Peacock Data introduced the next generation of their fuzzy logic technology with last month’s release of the California-based firm’s pdSurname Pro last name matching software.
Accordion to company spokesperson Barbara Adair, “pdSurname facilitates identifying last names that are true variations or phonetically similar, while the fuzzy logic technology in the enhanced Pro edition allows finding names even when there are misspellings or other typographical errors.”
“We introduced fuzzy logic with our pdNickname Pro and pdGender Pro software in late 2013, but the new fuzzy logic generation 2.0 is a great enhancement,” Barbara Adair exclaimed.
According to the company, most of the enhancements were achieved after they developed a giant library of more than 80,000 language rules based on hundreds of dialects from around the world. Barbara Adair said, “Many misspellings occur as transcribers enter the sounds they hear. The character sequences and the sounds they produce are different for each language and situation, such as before, after, or between certain vowels and consonants, so our substitutions are language-rule based.”
The company explained additionally that their algorithms go even further by considering both how a name may sound to someone who speaks English as well as how it may sound to someone who speaks Spanish, which is often different. Barbara Adair explained, “Take the letter-pair ‘SC’ as an example. Before the vowels ‘E’ or ‘I’ it is most likely to be misspelled by an English speaker as ‘SHE’ or ‘SHI’ while a Spanish speaker may hear ‘CHE’ or ‘CHI’ and sometimes ‘YE’ or ‘YI’.”
Company literature indicates the new fuzzy logic generation 2.0 technology has five layers:
1. Phonetic misspellings: such as GUALTIERREZ misspelled as GUALTIEREZ, AAGARD misspelled as OUGHGARD, and YOUNGMAN misspelled as YONGMAN.
2. Reversed letters: such as DIELEMAN misspelled as DEILEMAN and RODREGUEZ misspelled as RODREUGEZ. These algorithms look for errors due to reversed digraphs (two letter sequences that form one phoneme or distinct sound) which are a common typographical issue, such as “IE” substituted for “EI”.
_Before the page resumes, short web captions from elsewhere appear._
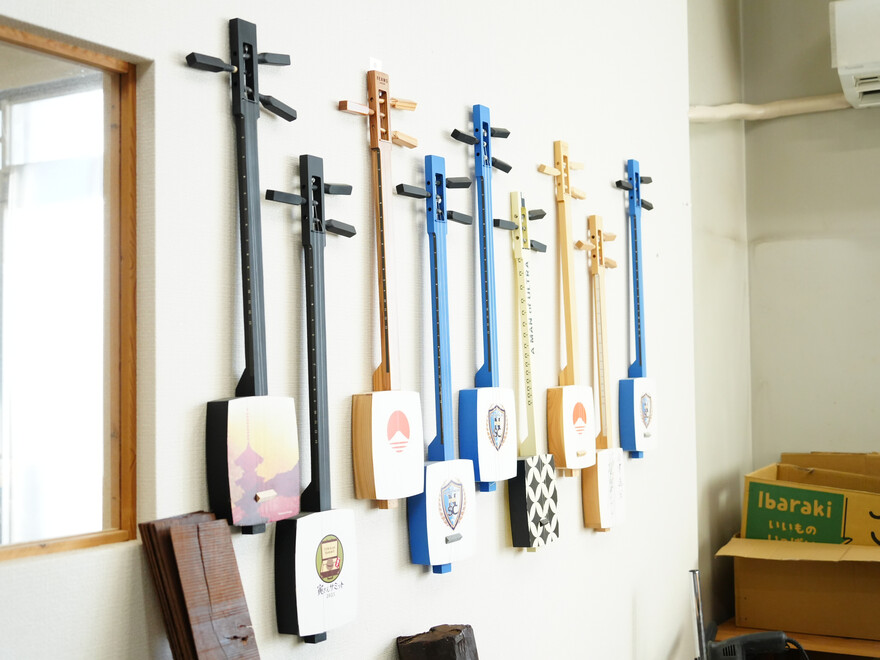 写真：壁に掛けられた色彩豊かな三味線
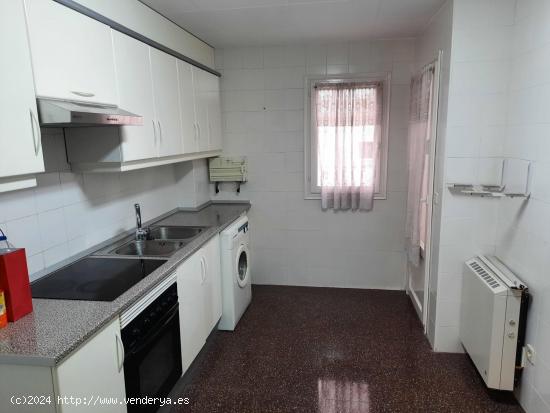 VIVIENDA CON GARAJE INCLUIDO - ALBACETE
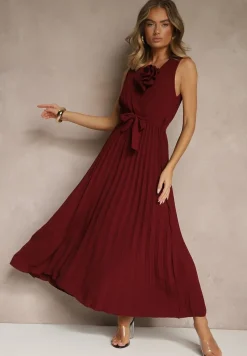 Bordowa Koktajlowa Sukienka Plisowana z Kwiatową Broszką Paskiem i Gumką w Talii Viknna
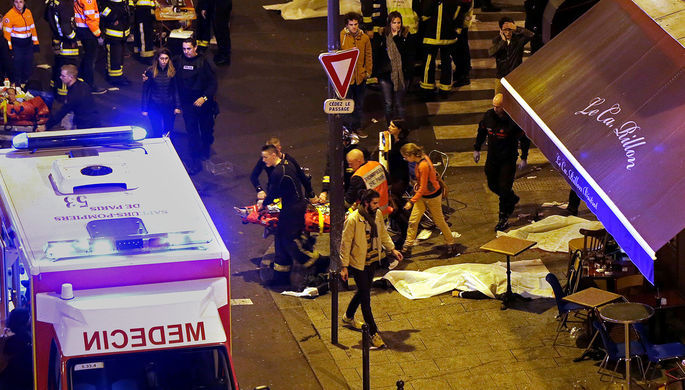 В Париже введен режим чрезвычайного положения.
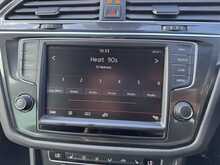 Volkswagen Tiguan TDI BlueMotion Tech R-Line - U11323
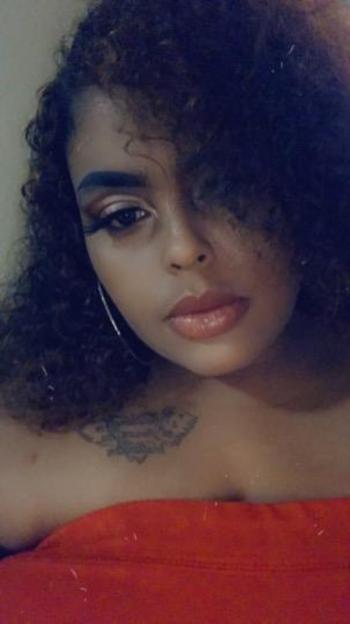 Redd ❤️, 22  female escort, Greensboro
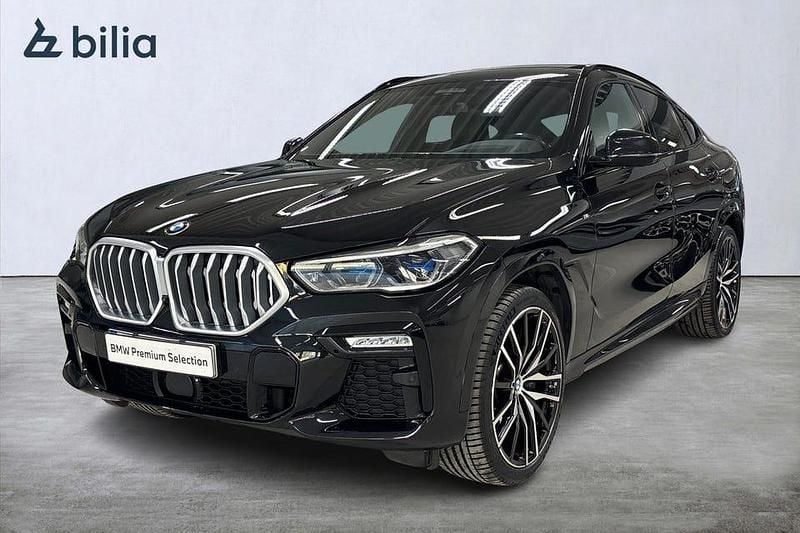 Svart Begagnad 2021 BMW X6 M Sport SUV | 739 900 kr (Marknadspris) - Bild 1/4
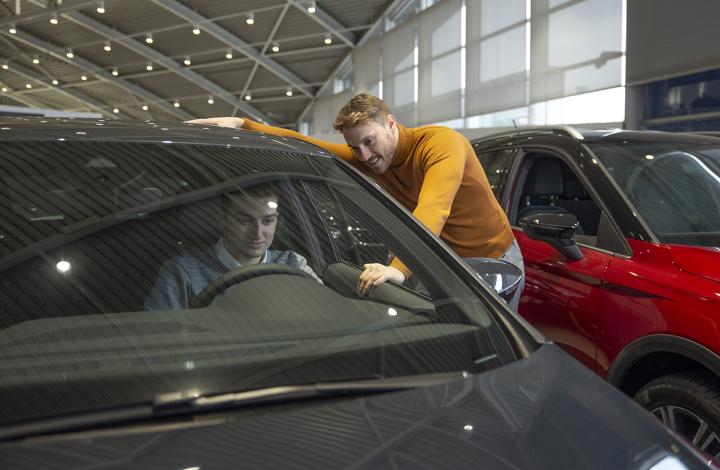 vw showroom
3. Double letter misspellings: such as HUMBER misspelled as HUMBEER and ZWOLLE misspelled as ZWOLE. The most common typographical issues occur with the characters, in order of frequency, “SS”, “EE”, “TT”, “FF”, “LL”, “MM”, and “OO”.
4. Missed keystrokes: such as HUNTER misspelled as UNTER, missing the initial “H”, and TAMERON misspelled as TAMRON, missing the “E” in the middle.
5. Other typographical errors: which cover a variety of additional misspelling issues.
The pdSurname Pro software with the new fuzzy logic generation 2.0 technology is available for immediate download and can currently be purchased at a 25 percent introductory discount (sale, $371.25; regular, $495) or as part of bundles also on sale, pdSuite Names (sale, $645; regular $795) and pdSuite Master Collection (sale, $795; regular, $995).
For users of other Peacock Data name software, Barbara Adair noted, “pdNickname Pro and pdGender Pro will be updated with fuzzy logic generation 2.0 capabilities this fall, and the upgrades will be free for anyone owning the older version.”